At the recent closing of the Group of 20 summit in Hamburg, German Chancellor Angela Merkel chided Trump for having removed the U.S. from that Paris accord. However, as Orr describes it, “the German people will benefit far more from the American president’s focus on facilitating U.S. energy production and boosting exports than from Mrs. Merkel’s climate policies, which have increased residential electricity prices for German households and failed to achieve any meaningful reductions in fossil-fuel consumption or carbon-dioxide emissions. We must also note, much of America’s explosion in energy production is in low-carbon natural gas.
“Germany has developed a reputation as a green-energy superpower, but in many respects it isn’t.
“All told, Germany derived more than 80% of its total energy consumption from fossil fuels. (fossil fuels meet 81 percent of U.S. energy demand, according to the U.S. Energy Information Administration (EIA).
Orr notes that the Germans are aided by Trump’s opening up the energy supply which drives down prices. The Germans imported $74 billion worth of oil in 2013, at $108 per barrel. However fracking has supplied the market since that time with so much oil that it now sells for around $47 per barrel saving that nation $42 billion per year, and their average home $1,100.

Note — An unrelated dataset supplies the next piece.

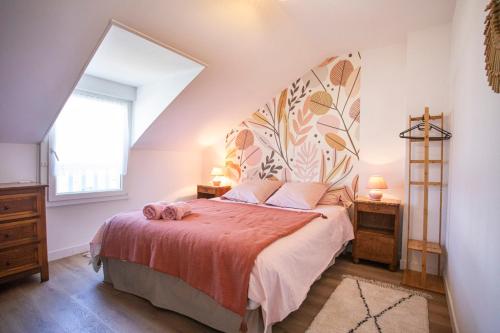 ein Schlafzimmer mit einem Bett mit einer orangefarbenen Tagesdecke in der Unterkunft Manava Villa vue mer et Mont Saint Michel piscine intérieure in Saint-Jean-le-Thomas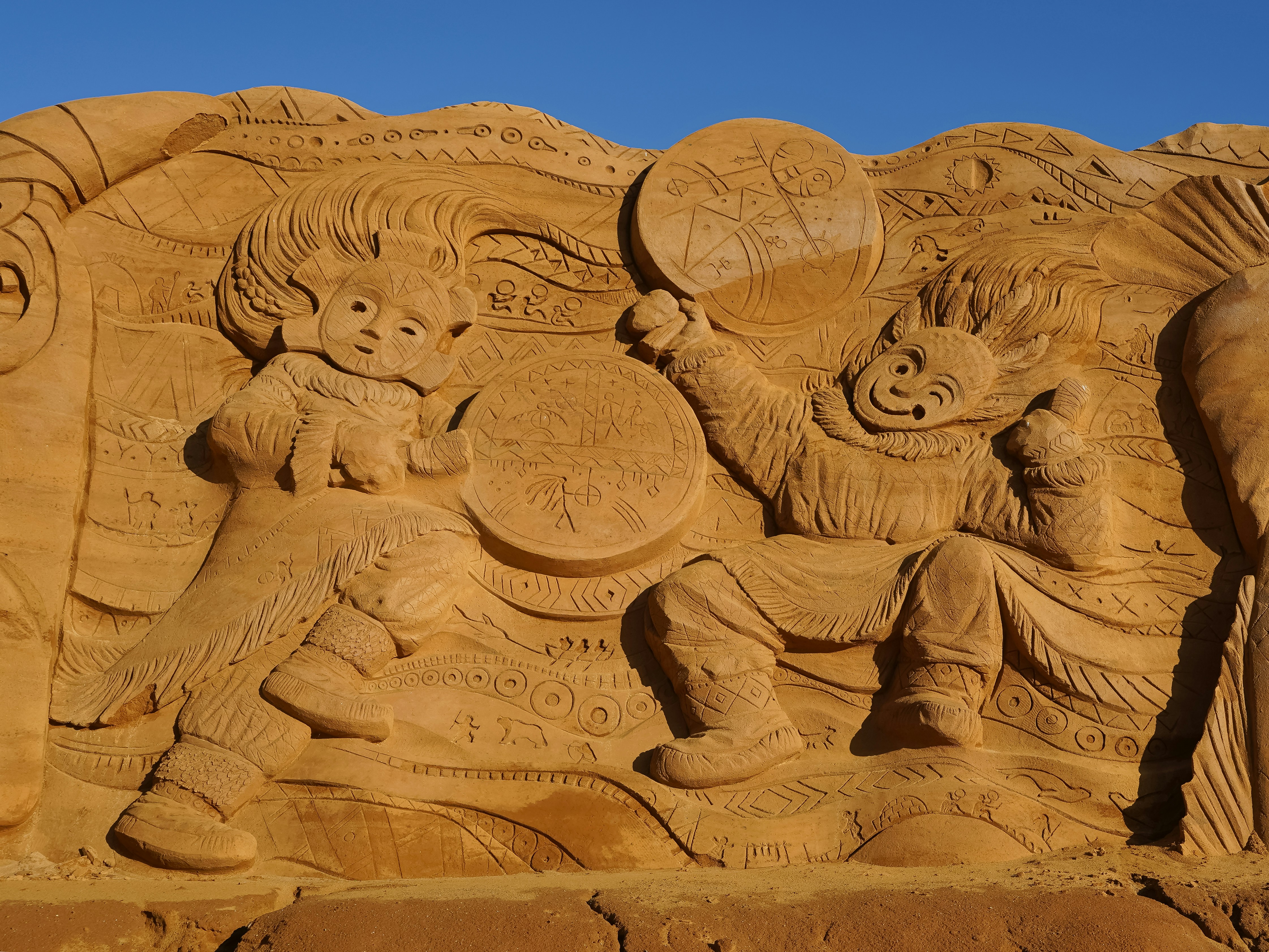 Escultura de arena de dos figuras tocando tambores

“Ms. Merkel’s climate and energy policies have caused residential electricity prices in Germany to spike by approximately 47% since 2006, costing the average German household about $380 more a year. The higher prices are largely due to a 10-fold increase in renewable-energy surcharges that guarantee returns for the wind and solar-power industries. These surcharges now make up 23% of German residential electric bills.
“The German people are paying far more for their household energy needs under Ms. Merkel, yet they have little to show for it. Since 2009, when Germany began to pursue renewables aggressively, annual CO2 emissions are down a negligible 0.1%.” This compared to a 14% CO2 emissions drop in the U.S. since 2005, primarily because of abundant and cheap low-carbon natural gas from fracking, which Germany bans.
“Slapping around Mr. Trump, who is deeply unpopular in Germany, might score Ms. Merkel some domestic political points. But if the German leader really wants to help the environment, she might consider scaling back the attacks. Without American energy production and exports, Germany—and the world—would be a dirtier, darker and less efficient place.”
In Orr’s view, Germany should be thankful for U.S. energy. Further, they should say the same for the engineers who developed and are rapidly improving the hydraulic fracking processes which are flooding the U.S. with ever cheaper fuel, including low-carbon natural gas.